In “Cubical,” which is the third track on the album, Didner sings of the endless amounts of filing, stapling and phone-answering his entry level job had him do. With lyrics such as,“type until I get carpal tunnel,” and “he thinks my job’s in trouble,” you get the idea it's not exactly an enjoyable job to work in a cubicle.
Another track on “It’s a Jersey Thing,” and notably his most recognizable song to date is the album’s first song, “You Can’t Get There From Here In Jersey.”
In the year 2000, “You Can’t Get There From Here In Jersey,” was featured on National Public Radio's (NPR) automotive radio show “Car Talk.” Twenty-two years later, Didner decided to re-record the track to improve the audio quality.
“The recording quality, I didn't think, lived up to today's standards,” Didner said. “So, what I did was, I recently recorded all this stuff at home, this track and another one that I felt like wasn't up to standard, and then I decided to release it along with some stuff that I had done in the studio and put on over the years.

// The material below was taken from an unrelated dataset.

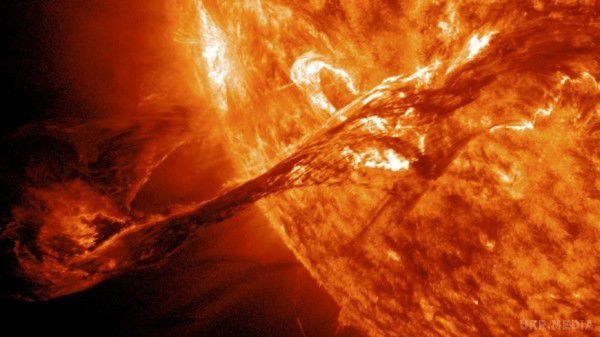 Вчені помітили на Сонці рідкісну плазмову бурю. Фахівці NASA повідомили, що вона має найсильнішу потужність всіх тих, що їм доводилося спостерігати раніше.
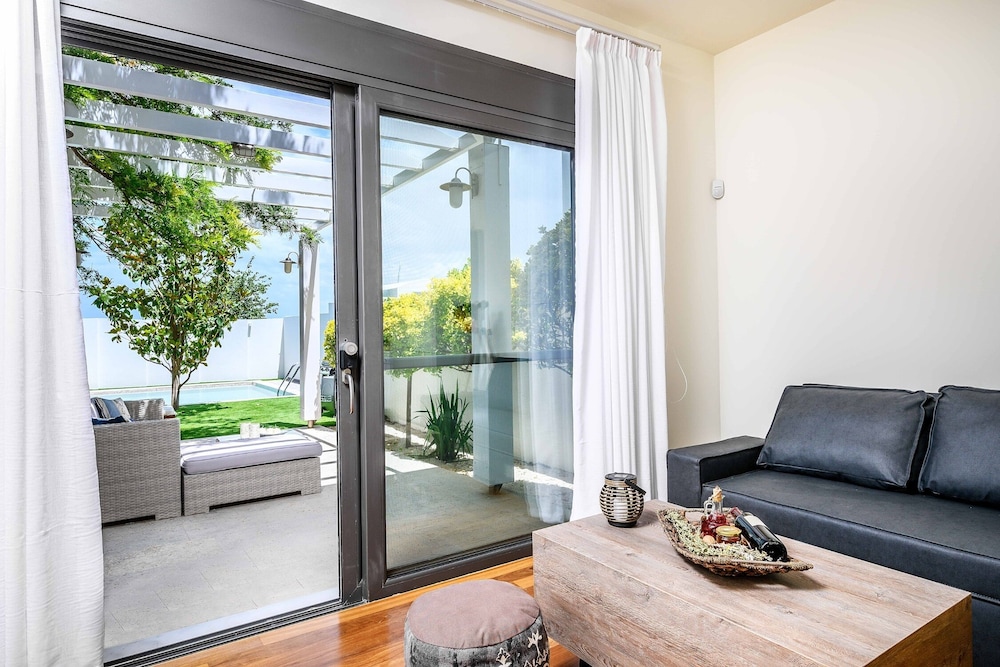 Deluxe Villa, 1 Queen Bed with Sofa bed, Non Smoking, Private Pool photo 2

Instead of greatest hits, it’s ‘Jersey-est’ hits.”
Along with the higher quality version of “You Can’t Get There From Here In Jersey,” Didner, with the help of his father, created an official music video. The “You Can’t Get There From Here In Jersey” music video is filled with familiar video footage of different streets and highways in New Jersey.
“I work right off of Route 22 in Mountainside, and one day on a break, I just took a walk out by the highway and I filmed the highway for four minutes,” Didner said. “And then I use the green screen effects of me performing the instruments and superimpose that.”
Didner used a similar technique to capture one of his favorite local spots, the American Diner in West Orange. While at the diner, he took a photo of a counter with two stools and superimposed two of him sitting on those stools using a green screen.
“The way it comes out is it really looks like two of me having a gripe session with each other about the traffic,” Didner said.
That music video, which premiered on June 28, has now accumulated over 300 views.
Didner will be officially premiering the entirety of “It’s a Jersey Thing” in an album launch concert on Saturday, July 23 at 5 p.m. at Pilsener Haus & Biergarten in Hoboken. There, he hopes to bond with the crowd over his Jersey-centric tunes.
“Anyone listening who's from Jersey, hopefully, they'll relate and recognize a fellow traveler and see their own experiences in it,” Didner said. “And if you're from outside Jersey, hopefully, you'll discover in it some kind of universality or commonality wherever you live.”